### [Given entries]

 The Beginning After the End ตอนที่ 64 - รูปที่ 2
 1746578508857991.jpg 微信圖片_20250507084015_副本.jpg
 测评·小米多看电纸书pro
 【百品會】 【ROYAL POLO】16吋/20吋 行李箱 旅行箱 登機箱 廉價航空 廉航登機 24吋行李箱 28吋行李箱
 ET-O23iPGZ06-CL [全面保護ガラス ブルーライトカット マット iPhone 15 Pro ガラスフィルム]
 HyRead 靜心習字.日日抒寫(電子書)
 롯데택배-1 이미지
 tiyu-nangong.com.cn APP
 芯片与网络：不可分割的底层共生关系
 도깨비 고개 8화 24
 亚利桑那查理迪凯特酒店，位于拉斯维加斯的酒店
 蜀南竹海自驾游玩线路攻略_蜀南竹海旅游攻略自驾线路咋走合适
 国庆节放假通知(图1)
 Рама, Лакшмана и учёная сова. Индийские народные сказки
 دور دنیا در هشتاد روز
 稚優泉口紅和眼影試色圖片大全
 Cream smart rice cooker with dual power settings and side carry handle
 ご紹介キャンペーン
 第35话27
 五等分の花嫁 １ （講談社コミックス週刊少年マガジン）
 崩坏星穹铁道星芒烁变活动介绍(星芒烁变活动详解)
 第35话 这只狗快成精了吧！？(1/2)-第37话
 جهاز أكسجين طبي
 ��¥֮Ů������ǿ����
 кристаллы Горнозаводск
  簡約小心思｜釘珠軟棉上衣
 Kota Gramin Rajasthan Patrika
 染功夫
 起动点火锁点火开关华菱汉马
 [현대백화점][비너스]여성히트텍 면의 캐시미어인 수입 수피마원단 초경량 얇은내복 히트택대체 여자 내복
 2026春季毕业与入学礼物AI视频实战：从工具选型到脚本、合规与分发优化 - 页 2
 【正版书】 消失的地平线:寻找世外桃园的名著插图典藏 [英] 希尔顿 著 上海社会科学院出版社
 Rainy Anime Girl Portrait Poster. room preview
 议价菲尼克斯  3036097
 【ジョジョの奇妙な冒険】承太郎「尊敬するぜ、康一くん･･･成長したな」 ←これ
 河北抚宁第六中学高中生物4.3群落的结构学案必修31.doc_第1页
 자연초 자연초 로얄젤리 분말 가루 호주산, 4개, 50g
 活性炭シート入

### [Exercise requirements]
Output the listing above word for word.

### [Output for this task]
 The Beginning After the End ตอนที่ 64 - รูปที่ 2
 1746578508857991.jpg 微信圖片_20250507084015_副本.jpg
 测评·小米多看电纸书pro
 【百品會】 【ROYAL POLO】16吋/20吋 行李箱 旅行箱 登機箱 廉價航空 廉航登機 24吋行李箱 28吋行李箱
 ET-O23iPGZ06-CL [全面保護ガラス ブルーライトカット マット iPhone 15 Pro ガラスフィルム]
 HyRead 靜心習字.日日抒寫(電子書)
 롯데택배-1 이미지
 tiyu-nangong.com.cn APP
 芯片与网络：不可分割的底层共生关系
 도깨비 고개 8화 24
 亚利桑那查理迪凯特酒店，位于拉斯维加斯的酒店
 蜀南竹海自驾游玩线路攻略_蜀南竹海旅游攻略自驾线路咋走合适
 国庆节放假通知(图1)
 Рама, Лакшмана и учёная сова. Индийские народные сказки
 دور دنیا در هشتاد روز
 稚優泉口紅和眼影試色圖片大全
 Cream smart rice cooker with dual power settings and side carry handle
 ご紹介キャンペーン
 第35话27
 五等分の花嫁 １ （講談社コミックス週刊少年マガジン）
 崩坏星穹铁道星芒烁变活动介绍(星芒烁变活动详解)
 第35话 这只狗快成精了吧！？(1/2)-第37话
 جهاز أكسجين طبي
 ��¥֮Ů������ǿ����
 кристаллы Горнозаводск
  簡約小心思｜釘珠軟棉上衣
 Kota Gramin Rajasthan Patrika
 染功夫
 起动点火锁点火开关华菱汉马
 [현대백화점][비너스]여성히트텍 면의 캐시미어인 수입 수피마원단 초경량 얇은내복 히트택대체 여자 내복
 2026春季毕业与入学礼物AI视频实战：从工具选型到脚本、合规与分发优化 - 页 2
 【正版书】 消失的地平线:寻找世外桃园的名著插图典藏 [英] 希尔顿 著 上海社会科学院出版社
 Rainy Anime Girl Portrait Poster. room preview
 议价菲尼克斯  3036097
 【ジョジョの奇妙な冒険】承太郎「尊敬するぜ、康一くん･･･成長したな」 ←これ
 河北抚宁第六中学高中生物4.3群落的结构学案必修31.doc_第1页
 자연초 자연초 로얄젤리 분말 가루 호주산, 4개, 50g
 活性炭シート入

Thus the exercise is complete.